No Reino Unido, a DAACI, (Definible Aleatoric Artificial Composition Intelligence), um sistema de IA que compõe, organiza, orquestra e produz música original da mais alta qualidade, recebeu apoio financeiro de 250 mil libras (US$ 300 mil) de um fundo público, o Innovate UK, e está em campanha para arrecadar quatro milhões de libras até setembro.

  • Roqueiro IA virou unicórnio

Em Luxemburgo, a Aiva Technologies que começou produzindo música clássica com IA e lançou seu primeiro rock, “On the Edge”, em 2018, se tornou um unicórnio, isto é, uma startup avaliada em um milhão de dólares.

Para Paulo, o rock criado pela Aiva, está mais para Renato e seus Blue Caps (só quem viveu sabe do que se trata) do que para Beatles ou Rolling Stones. Pedro também não se entusiasmou muito com o ritmo da composição.

Mas vale anotar que Aiva foi a primeira artista virtual a registrar suas criações em uma sociedade de direitos autorais (SACEM). Seus criadores dizem que Aiva continuará incentivando a colaboração homem-máquina e que não irá substituir os músicos.

Está certo. Mesmo que Beethoven tenha composto parte de sua obra nos últimos oito anos de sua vida, quando já não escutava nada, entre sua Nona e a tal Décima Sinfonia, ainda há uma estrada a percorrer.

Criando música com dados, mas sem áudio

Na maioria das pesquisas atuais, a IA que cria música não gera som bruto diretamente, mas símbolos que representam a canção. O MIDI, por exemplo, é um padrão para transferir e compartilhar dados de performance de instrumentos musicais eletrônicos entre dispositivos. É equivalente a uma partitura musical. Tudo isso em um formato de dados que podem ser processados por um computador.

O MIDI tem a vantagem de ser leve e fácil de manusear por não conter áudio, mas é necessário converter a música para MIDI para usá-lo como dados de treinamento para modelos de IA.

Há aproximadamente 400 mil músicas no formato MIDI e isso não é suficiente para algumas aplicações.

Outra questão é o tempo que demanda a produção de um segundo de música.

Há formatos mais adequados para uso em sistemas de geração de música simbólicas, como o REMI, que acrescenta informações como a posição da nota em relação a cada compasso, andamento e acordes, permitindo assim que o modelo aprenda mais estruturas musicais durante o treino.

E também existe o MuMIDI, desenvolvido para o aprendizado efetivo de multifaixas, em que cada faixa corresponde a um instrumento, com ênfase na relação polifônica entre notas em diferentes faixas.
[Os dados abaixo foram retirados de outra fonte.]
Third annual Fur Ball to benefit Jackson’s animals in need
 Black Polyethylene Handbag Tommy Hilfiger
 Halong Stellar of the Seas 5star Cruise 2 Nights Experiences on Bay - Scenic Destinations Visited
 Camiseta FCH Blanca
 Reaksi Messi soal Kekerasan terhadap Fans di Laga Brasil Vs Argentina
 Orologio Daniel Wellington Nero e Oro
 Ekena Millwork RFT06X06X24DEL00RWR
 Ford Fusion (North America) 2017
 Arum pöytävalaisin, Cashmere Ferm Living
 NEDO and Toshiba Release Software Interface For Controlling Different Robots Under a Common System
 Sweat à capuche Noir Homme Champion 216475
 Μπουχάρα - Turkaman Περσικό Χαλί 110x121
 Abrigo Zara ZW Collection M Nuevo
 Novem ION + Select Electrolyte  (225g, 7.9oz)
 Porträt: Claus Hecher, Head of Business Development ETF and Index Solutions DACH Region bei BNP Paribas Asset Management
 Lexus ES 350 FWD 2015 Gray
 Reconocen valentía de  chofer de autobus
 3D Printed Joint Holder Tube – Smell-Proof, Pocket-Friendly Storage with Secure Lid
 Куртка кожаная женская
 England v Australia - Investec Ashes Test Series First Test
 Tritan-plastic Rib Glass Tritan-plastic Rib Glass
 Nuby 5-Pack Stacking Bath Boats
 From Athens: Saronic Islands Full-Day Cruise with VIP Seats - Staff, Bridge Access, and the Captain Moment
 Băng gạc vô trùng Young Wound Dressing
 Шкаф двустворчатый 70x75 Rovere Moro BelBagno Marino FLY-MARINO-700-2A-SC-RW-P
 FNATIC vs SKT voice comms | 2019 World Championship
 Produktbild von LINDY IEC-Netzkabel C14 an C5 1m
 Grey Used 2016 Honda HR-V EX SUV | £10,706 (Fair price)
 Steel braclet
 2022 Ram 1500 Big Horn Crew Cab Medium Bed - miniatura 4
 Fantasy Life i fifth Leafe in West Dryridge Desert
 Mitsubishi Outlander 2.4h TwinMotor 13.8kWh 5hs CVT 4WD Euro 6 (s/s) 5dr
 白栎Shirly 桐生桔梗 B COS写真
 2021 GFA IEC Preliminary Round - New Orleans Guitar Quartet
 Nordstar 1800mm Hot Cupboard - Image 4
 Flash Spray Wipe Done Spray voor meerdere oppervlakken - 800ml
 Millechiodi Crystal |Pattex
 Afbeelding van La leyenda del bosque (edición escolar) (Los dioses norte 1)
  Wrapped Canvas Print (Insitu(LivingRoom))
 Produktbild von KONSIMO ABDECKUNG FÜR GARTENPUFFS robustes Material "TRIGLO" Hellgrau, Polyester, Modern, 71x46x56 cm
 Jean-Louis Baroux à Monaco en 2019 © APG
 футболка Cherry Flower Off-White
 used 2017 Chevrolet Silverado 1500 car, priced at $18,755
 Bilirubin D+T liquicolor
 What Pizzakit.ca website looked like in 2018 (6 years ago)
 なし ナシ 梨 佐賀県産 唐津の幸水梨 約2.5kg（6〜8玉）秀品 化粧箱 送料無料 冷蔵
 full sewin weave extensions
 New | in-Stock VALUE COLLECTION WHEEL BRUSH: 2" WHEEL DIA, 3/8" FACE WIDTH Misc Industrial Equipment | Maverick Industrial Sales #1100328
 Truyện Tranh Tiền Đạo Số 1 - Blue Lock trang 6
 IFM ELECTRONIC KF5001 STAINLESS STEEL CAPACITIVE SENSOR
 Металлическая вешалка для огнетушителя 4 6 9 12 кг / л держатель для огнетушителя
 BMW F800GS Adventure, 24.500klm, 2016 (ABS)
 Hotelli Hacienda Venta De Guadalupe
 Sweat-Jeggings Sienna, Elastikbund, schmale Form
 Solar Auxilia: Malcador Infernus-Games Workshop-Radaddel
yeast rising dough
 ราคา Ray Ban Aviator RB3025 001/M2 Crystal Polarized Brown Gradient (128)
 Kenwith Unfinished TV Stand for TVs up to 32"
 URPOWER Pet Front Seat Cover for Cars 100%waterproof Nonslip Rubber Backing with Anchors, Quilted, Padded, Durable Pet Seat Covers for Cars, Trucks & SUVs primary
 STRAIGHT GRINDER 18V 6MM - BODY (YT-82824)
A ideia é soar o mais natural possível uma música com várias faixas.

Novo rap do Kanye West? Não é bem assim

O Jukebox, uma ferramenta que compõe e gera arquivos de áudio WAV, que podem ser reproduzidos diretamente, baseia-se num modelo de aprendizado profundo treinado a partir de mais de 1,2 milhão de músicas.

Pode fazer Céline Dion cantar um samba, Frank Sinatra entoar “It’s Christma’s Time”, Kanye West fazer rap no estilo Eminem, mas exige cinco horas de computação para cada segundo.

Outro campo em que há avanços importantes é o das fontes sonoras necessárias para que se ouça a música composta sem a participação humana.

Geralmente são sintetizadores e samplers. Os primeiros geram o som eletronicamente, enquanto um sampler mistura ou remixa sons já gravados.

A equipe Magenta do Google, pioneira na pesquisa de música de IA, desenvolveu o NSynth, que modela vários sons usando uma arquitetura de aprendizado profundo, que é capaz de capturar quantitativamente diferenças de timbre, permitindo a criação de sons como o que estaria entre o de uma cítara e de uma marimba, por exemplo.